I loved how this book started at one point, then developed further, with Louisa starting off in one job then slowly changing various elements of her life, from her relationship, to her friendships and even her confidence begins to change. Her friendship with Margot is a beautiful one; it showcases how age is simply a number and how an older woman can be the best influence on a young, broken woman. It was a pleasure to see them help each even though they’re from entirely different backgrounds, countries and ages there is always some common ground, something that places people together for a reason. Both of the ladies love fashion, which added another level to their friendship. Age is just a number may be a cliché, but in the case of Lou and Margot it definitely is true; like only true friends can, they argue, they sulk but ultimately they’re always honest with one another and it was great to see an older female character shown as good influence. Margot was just as influential for Lou as Will was, way back in Me Before You. She injected a dose of reality, a reminder that life can be hard but you can always find a kind, loving and supportive person wherever life happens to lead you. Relationships are at the heart of this series and something that Jojo Moyes depicts incredibly well; whether it is platonic or romantic, there is a healthy dose of realism relayed through description and conversation in this book - just as in reality, relationships don’t always work and life isn’t always easy. Louisa Clark is an easy character to love because her personality just shines through pages and words to the extent that she literally feels like reading about an old friend rather than simply a character. Even reading about her family felt familiar, how they love each other whilst constantly bickering. 

Overall I’m torn about this book; on one hand, I loved it. It felt like the perfect ending to Louisa’s adventures, but ambiguous enough that her life would be easily revisited, which is also exciting. However, the question on my lips even as I bought this book was ‘is it necessary?’ due to After You being so different from Me Before You and so I expected (rightly) that Still Me would be difficult once again.
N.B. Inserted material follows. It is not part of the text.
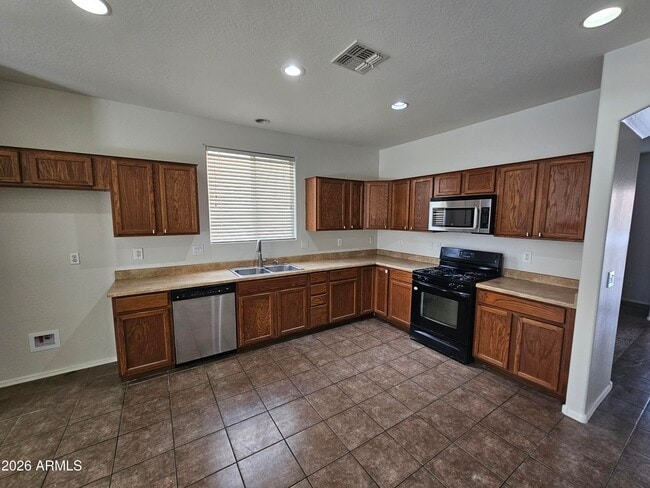 238 N 174th Dr in Goodyear, AZ - Building Photo - Building Photo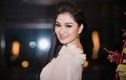 Hoa hậu Nguyễn Thị Huyền tái xuất lộng lẫy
Although as a reader, I didn’t feel like I needed to find out what has happened to Louisa and some of the other characters, but at the same time I wasn’t disappointed as this novel did live up to my expectations. As I’ve already mentioned, I love this series because it feels real; there’s nothing extraordinary about Lou, yet she has a beautifully written character that makes you wish she was your friend. She’s clumsy, funny and never seems to know what to do, yet she manages to work her way through life doing the things that she loves, surrounded by the people that she loves. Each book in this series has been different; although the characters are familiar, the situations are always different and it’s also nice to see realistically how life continues regardless of tragic or difficult events. However, personally I liked that each book felt like a standalone novel, rather than simply the same storyline. One of reasons why I’ve loved this series so much is how realistic it reads; Lou genuinely feels like an old friend at this point. This book was a solid 4 stars; it wasn’t my favourite of the series but regardless I devoured it and so I’d recommend it if like me, you’ve fully committed to the series and it’s characters. It was a pleasure, as always.